Web page caption snippets:

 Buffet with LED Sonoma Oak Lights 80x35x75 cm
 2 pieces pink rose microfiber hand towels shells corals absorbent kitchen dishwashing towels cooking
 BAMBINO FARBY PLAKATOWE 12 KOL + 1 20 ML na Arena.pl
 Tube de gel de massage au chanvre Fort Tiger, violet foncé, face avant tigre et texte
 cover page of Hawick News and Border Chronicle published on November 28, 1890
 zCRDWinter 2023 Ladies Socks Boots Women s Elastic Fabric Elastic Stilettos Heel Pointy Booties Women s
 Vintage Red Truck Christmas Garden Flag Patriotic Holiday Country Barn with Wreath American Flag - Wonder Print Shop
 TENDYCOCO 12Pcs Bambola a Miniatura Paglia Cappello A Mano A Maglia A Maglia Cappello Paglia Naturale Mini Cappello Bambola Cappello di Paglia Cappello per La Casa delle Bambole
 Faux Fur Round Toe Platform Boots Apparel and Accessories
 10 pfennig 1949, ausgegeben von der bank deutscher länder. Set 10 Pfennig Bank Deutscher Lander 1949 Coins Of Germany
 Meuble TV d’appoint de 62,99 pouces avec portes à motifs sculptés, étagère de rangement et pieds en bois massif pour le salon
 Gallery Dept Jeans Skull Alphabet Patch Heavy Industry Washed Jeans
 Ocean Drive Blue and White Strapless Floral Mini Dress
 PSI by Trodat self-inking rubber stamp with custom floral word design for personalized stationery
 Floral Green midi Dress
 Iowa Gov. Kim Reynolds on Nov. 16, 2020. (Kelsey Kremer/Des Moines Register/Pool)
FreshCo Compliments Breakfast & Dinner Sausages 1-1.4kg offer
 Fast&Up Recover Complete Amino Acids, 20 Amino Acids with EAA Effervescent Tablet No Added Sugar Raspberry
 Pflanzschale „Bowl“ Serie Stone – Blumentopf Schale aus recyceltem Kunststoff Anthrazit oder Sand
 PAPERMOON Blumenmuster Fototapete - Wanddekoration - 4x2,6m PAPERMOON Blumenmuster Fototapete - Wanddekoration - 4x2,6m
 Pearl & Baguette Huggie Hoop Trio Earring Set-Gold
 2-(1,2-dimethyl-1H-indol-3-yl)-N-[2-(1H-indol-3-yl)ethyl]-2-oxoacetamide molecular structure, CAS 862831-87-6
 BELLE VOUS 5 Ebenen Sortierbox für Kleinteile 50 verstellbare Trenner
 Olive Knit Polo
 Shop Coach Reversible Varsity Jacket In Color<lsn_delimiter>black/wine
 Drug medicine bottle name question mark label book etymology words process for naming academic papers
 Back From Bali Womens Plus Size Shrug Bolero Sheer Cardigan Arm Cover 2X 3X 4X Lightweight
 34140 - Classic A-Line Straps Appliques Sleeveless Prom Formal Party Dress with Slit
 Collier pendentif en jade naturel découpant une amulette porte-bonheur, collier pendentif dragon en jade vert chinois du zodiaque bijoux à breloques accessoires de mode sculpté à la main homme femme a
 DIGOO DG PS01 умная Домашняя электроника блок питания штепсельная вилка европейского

### What is required
Put down all the data once more, exactly as it appears above.

### Response to the task
 Buffet with LED Sonoma Oak Lights 80x35x75 cm
 2 pieces pink rose microfiber hand towels shells corals absorbent kitchen dishwashing towels cooking
 BAMBINO FARBY PLAKATOWE 12 KOL + 1 20 ML na Arena.pl
 Tube de gel de massage au chanvre Fort Tiger, violet foncé, face avant tigre et texte
 cover page of Hawick News and Border Chronicle published on November 28, 1890
 zCRDWinter 2023 Ladies Socks Boots Women s Elastic Fabric Elastic Stilettos Heel Pointy Booties Women s
 Vintage Red Truck Christmas Garden Flag Patriotic Holiday Country Barn with Wreath American Flag - Wonder Print Shop
 TENDYCOCO 12Pcs Bambola a Miniatura Paglia Cappello A Mano A Maglia A Maglia Cappello Paglia Naturale Mini Cappello Bambola Cappello di Paglia Cappello per La Casa delle Bambole
 Faux Fur Round Toe Platform Boots Apparel and Accessories
 10 pfennig 1949, ausgegeben von der bank deutscher länder. Set 10 Pfennig Bank Deutscher Lander 1949 Coins Of Germany
 Meuble TV d’appoint de 62,99 pouces avec portes à motifs sculptés, étagère de rangement et pieds en bois massif pour le salon
 Gallery Dept Jeans Skull Alphabet Patch Heavy Industry Washed Jeans
 Ocean Drive Blue and White Strapless Floral Mini Dress
 PSI by Trodat self-inking rubber stamp with custom floral word design for personalized stationery
 Floral Green midi Dress
 Iowa Gov. Kim Reynolds on Nov. 16, 2020. (Kelsey Kremer/Des Moines Register/Pool)
FreshCo Compliments Breakfast & Dinner Sausages 1-1.4kg offer
 Fast&Up Recover Complete Amino Acids, 20 Amino Acids with EAA Effervescent Tablet No Added Sugar Raspberry
 Pflanzschale „Bowl“ Serie Stone – Blumentopf Schale aus recyceltem Kunststoff Anthrazit oder Sand
 PAPERMOON Blumenmuster Fototapete - Wanddekoration - 4x2,6m PAPERMOON Blumenmuster Fototapete - Wanddekoration - 4x2,6m
 Pearl & Baguette Huggie Hoop Trio Earring Set-Gold
 2-(1,2-dimethyl-1H-indol-3-yl)-N-[2-(1H-indol-3-yl)ethyl]-2-oxoacetamide molecular structure, CAS 862831-87-6
 BELLE VOUS 5 Ebenen Sortierbox für Kleinteile 50 verstellbare Trenner
 Olive Knit Polo
 Shop Coach Reversible Varsity Jacket In Color<lsn_delimiter>black/wine
 Drug medicine bottle name question mark label book etymology words process for naming academic papers
 Back From Bali Womens Plus Size Shrug Bolero Sheer Cardigan Arm Cover 2X 3X 4X Lightweight
 34140 - Classic A-Line Straps Appliques Sleeveless Prom Formal Party Dress with Slit
 Collier pendentif en jade naturel découpant une amulette porte-bonheur, collier pendentif dragon en jade vert chinois du zodiaque bijoux à breloques accessoires de mode sculpté à la main homme femme a
 DIGOO DG PS01 умная Домашняя электроника блок питания штепсельная вилка европейского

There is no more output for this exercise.